======== Records for this exercise ========
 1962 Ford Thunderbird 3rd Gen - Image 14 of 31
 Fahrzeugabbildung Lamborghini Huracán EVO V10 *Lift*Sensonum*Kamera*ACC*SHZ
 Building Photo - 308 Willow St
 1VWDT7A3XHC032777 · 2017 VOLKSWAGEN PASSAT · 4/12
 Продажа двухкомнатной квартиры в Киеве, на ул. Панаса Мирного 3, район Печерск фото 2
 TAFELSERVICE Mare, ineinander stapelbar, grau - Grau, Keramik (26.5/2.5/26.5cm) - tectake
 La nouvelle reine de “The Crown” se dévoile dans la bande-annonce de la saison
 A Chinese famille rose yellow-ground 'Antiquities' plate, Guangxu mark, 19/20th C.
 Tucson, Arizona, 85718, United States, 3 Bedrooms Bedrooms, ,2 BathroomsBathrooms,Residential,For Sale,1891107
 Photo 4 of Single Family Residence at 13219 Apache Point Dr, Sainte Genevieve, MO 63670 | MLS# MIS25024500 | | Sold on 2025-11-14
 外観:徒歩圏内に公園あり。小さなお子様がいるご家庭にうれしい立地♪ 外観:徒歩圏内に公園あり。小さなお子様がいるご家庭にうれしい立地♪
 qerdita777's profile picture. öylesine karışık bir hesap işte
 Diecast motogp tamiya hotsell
========
(Exercise) With no additions or omissions, transcribe every record.

(Reply)
 1962 Ford Thunderbird 3rd Gen - Image 14 of 31
 Fahrzeugabbildung Lamborghini Huracán EVO V10 *Lift*Sensonum*Kamera*ACC*SHZ
 Building Photo - 308 Willow St
 1VWDT7A3XHC032777 · 2017 VOLKSWAGEN PASSAT · 4/12
 Продажа двухкомнатной квартиры в Киеве, на ул. Панаса Мирного 3, район Печерск фото 2
 TAFELSERVICE Mare, ineinander stapelbar, grau - Grau, Keramik (26.5/2.5/26.5cm) - tectake
 La nouvelle reine de “The Crown” se dévoile dans la bande-annonce de la saison
 A Chinese famille rose yellow-ground 'Antiquities' plate, Guangxu mark, 19/20th C.
 Tucson, Arizona, 85718, United States, 3 Bedrooms Bedrooms, ,2 BathroomsBathrooms,Residential,For Sale,1891107
 Photo 4 of Single Family Residence at 13219 Apache Point Dr, Sainte Genevieve, MO 63670 | MLS# MIS25024500 | | Sold on 2025-11-14
 外観:徒歩圏内に公園あり。小さなお子様がいるご家庭にうれしい立地♪ 外観:徒歩圏内に公園あり。小さなお子様がいるご家庭にうれしい立地♪
 qerdita777's profile picture. öylesine karışık bir hesap işte
 Diecast motogp tamiya hotsell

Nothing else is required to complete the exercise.